**YOUR ASSIGNMENT:** Each line that contains the word "Retro" counts once; give the total for the records below and nothing else.

**DATASET RECORDS:**
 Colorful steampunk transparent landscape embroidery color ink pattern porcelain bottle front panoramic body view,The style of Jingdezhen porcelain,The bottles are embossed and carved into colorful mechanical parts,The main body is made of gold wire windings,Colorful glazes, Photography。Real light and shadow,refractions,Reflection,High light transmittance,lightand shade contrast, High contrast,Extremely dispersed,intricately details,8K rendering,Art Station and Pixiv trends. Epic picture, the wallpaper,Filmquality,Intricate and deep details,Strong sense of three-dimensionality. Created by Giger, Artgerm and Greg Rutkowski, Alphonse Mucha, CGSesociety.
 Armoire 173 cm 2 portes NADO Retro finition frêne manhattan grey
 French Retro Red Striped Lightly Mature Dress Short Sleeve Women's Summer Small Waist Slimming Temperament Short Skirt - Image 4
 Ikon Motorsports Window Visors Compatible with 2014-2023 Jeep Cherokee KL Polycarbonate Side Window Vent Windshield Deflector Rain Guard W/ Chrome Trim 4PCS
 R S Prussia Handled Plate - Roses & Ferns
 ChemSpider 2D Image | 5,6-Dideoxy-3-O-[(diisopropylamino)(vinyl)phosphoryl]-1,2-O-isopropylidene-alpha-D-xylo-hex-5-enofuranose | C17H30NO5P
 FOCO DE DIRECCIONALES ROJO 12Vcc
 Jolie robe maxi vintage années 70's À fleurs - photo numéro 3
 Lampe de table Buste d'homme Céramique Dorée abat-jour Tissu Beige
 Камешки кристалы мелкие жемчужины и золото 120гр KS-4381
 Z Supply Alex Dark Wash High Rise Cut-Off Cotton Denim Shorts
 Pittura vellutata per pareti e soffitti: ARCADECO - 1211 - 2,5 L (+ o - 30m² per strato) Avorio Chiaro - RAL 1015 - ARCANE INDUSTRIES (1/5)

**RESPONSE TO THIS EXERCISE:** 2